Supreme Court Strikes Business Method Claim as Seeking to Patent an Abstract Idea
In a much anticipated decision, the U.S. Supreme Court in Bilski, et al. v. Kappos, 561 U.S. ____ (2010), held that a claim to a method of hedging against price fluctuations is unpatentable. The narrow majority opinion relied upon the Court’s precedent prohibiting the patenting of abstract ideas. However, the Court refused to hold that so-called “business methods” are always unpatentable. The Court also indicated that the “machine or transformation” test established by the Federal Circuit Court of Appeals in 2008 is not the sole test for determining whether subject matter is eligible for patent protection. The ruling has particular implications for the financial services, software, and biotechnology industries.

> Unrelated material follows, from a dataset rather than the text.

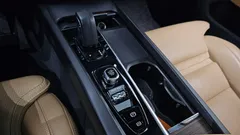 2021 Volvo V60 B5 Pro AWD, белый — фото 9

In a 2008 ruling, the Federal Circuit held that to be patentable, a process must either be implemented by a machine or transform a physical object, material or data that represents a measurable quality or a physical object. By rejecting the “machine or transformation” test as the exclusive test for deciding what qualifies as patentable subject matter, the Supreme Court broadened the scope of patentable inventions previously restricted by the Federal Circuit. Although the Supreme Court failed to provide a bright line rule, some guidance can be gleaned from the Court citing its own precedent that “Congress plainly contemplated that the patent laws would be given wide scope” and that “ingenuity should receive a liberal encouragement.”